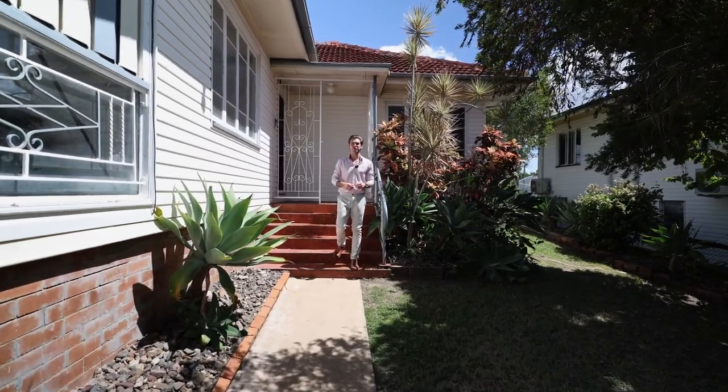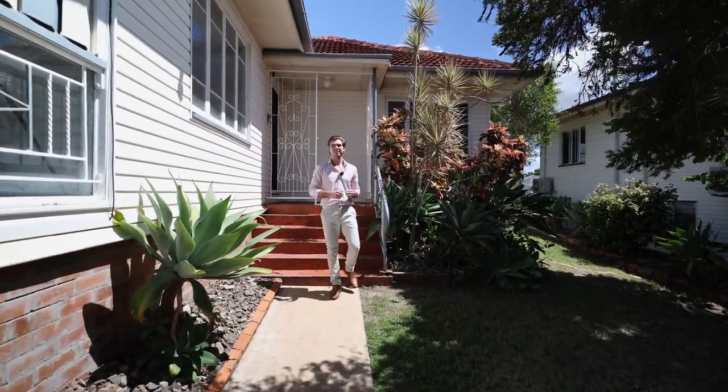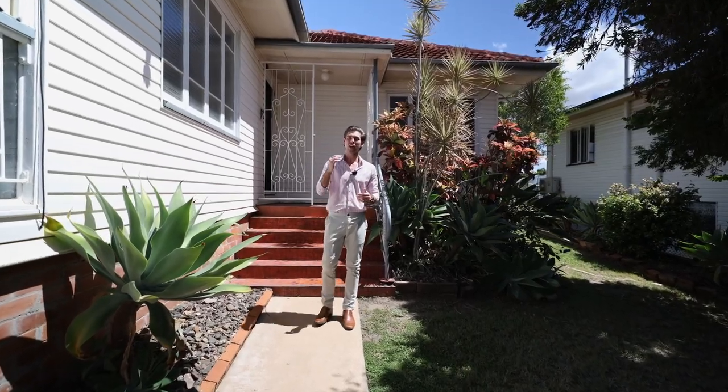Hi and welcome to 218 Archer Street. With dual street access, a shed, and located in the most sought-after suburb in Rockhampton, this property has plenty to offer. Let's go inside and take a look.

===

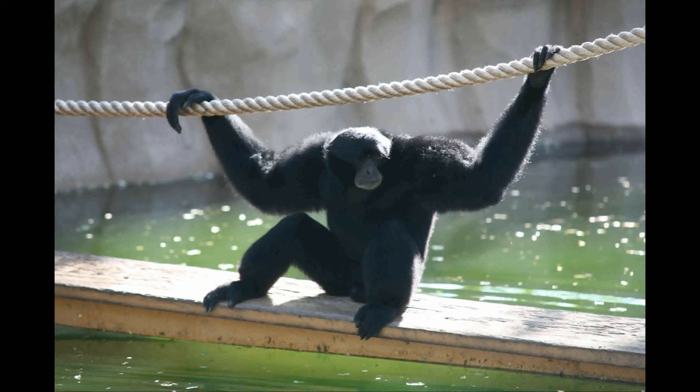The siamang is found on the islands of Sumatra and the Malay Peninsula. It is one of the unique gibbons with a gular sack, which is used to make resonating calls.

===

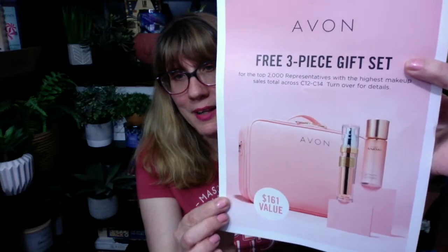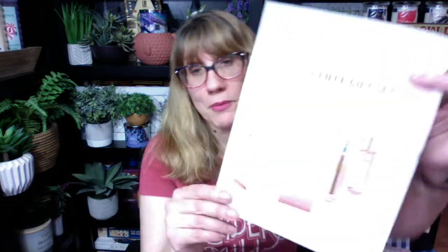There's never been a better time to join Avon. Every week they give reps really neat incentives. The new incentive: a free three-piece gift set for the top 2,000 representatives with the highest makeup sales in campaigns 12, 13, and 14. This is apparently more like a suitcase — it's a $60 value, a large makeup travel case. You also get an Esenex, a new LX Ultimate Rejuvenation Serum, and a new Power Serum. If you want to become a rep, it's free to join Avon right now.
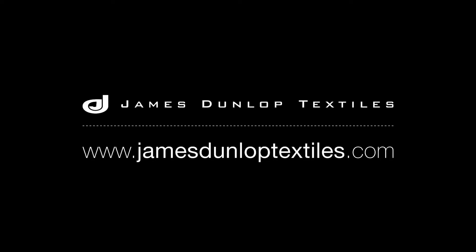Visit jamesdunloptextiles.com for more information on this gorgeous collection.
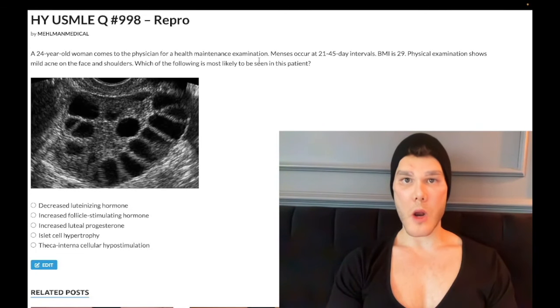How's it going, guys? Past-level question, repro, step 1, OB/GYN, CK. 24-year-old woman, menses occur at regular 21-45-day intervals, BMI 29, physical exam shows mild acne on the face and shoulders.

===

*PROBLEM DETAILS:* An exact copy is needed of the stretch above that opens with the line containing "Visit jamesdunloptextiles.com for" and closes with the line containing "How's it going, guys?"; the pictures are not part of it.

*WRITTEN SOLUTION:*
Visit jamesdunloptextiles.com for more information on this gorgeous collection.
How's it going, guys? Past-level question, repro, step 1, OB/GYN, CK. 24-year-old woman, menses occur at regular 21-45-day intervals, BMI 29, physical exam shows mild acne on the face and shoulders.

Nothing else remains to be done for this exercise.